My eyes bugged out of my head like a cartoon when I saw this tweet:
.@RapSheet on Justin Fields' chances to start for #Bears in season opener: '5%, less' https://t.co/tayskQWOhI via @ParkinsSpiegel Show pic.twitter.com/vA7N7we22Y
— 670 The Score (@670TheScore) May 18, 2021
But it was a different part of the conversation between Danny Parkins, Matt Spiegel, and NFL Network insider Ian Rapoport that caught my ear. Because when Parkins asked Rapoport how he knows the Bears’ preference is to start Andy Dalton in Week 1, he had this to say:
“This was something I talked to Matt Nagy about after the draft. This is the goal. Best-case scenario, he doesn’t play,” Rapoport said of Justin Fields. “If the Bears don’t play Justin Fields, it means they’re in a position where they’re winning enough games where they don’t have to do that.”
I’m not sure how that stands up when some early projections forecast the Bears having a better shot at the postseason with Fields at the helm. Nevertheless, Rapoport’s statement had me circling back to Nagy saying this, when asked about what he’ll see when it’s time to start Fields (emphasis mine):
“I would say it’s more of what’s happening on the field. There’s a lot of players who can get it right in the classroom, and then the second you get down on the field and things are down there on field level, it changes. Plays gotta be made. We’ve got to be able to see the execution from all three of these quarterbacks on the field.”
There are two things that stand out to me. Firstly, it’s Rapoport saying he talked to Nagy about this after the draft. We get so much hearsay, rumor, and conjecture from insiders, pundits and analysts that there are moments when we get numb to it. So to hear Rapoport relaying something directly from a coach — especially Nagy — feels rare. Frankly, it is as close as it gets to getting it straight from the horse’s mouth. I’ll take it.

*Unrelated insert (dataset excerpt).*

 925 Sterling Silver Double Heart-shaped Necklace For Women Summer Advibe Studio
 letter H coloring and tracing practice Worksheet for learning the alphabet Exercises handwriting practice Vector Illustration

And then there is the sentence in bold connects to what Rapoport said in the first block quote. If Nagy isn’t seeing execution on the field from his veteran quarterbacks, he seems willing to turn to the rookie. Maybe his preference is to play the veteran first. But every plan needs a fall-back option. Because starting Dalton and watching him flounder, while still a plan, isn’t one that figures to create a good environment.
Certainly, not one desired by a team that has qualified for the postseason two of the last three years. Consider that Nagy didn’t hesitate to pull Mitchell Trubisky when he was struggling to move the ball against an awful Falcons pass defense in Week 3. And once Trubisky was healthy, Nagy yanked Nick Foles from the starting lineup (and kept him out even after Foles was healthy).
But as Rapoport suggests, there is a “very, very, very small chance” Fields starts Week 1. Is that also coming from Nagy? This is why highlighting this and using it as a springboard for our own conversations is important. The odds of Fields starting seem minuscule at this point. So much so, Rapoport puts the “5 percent, less” number on it. But, again, it’s only May. A great many things can change between now and the 116 days that pass before the first Sunday of the NFL season kicks off. So let’s allow it to play out before jumping to conclusions.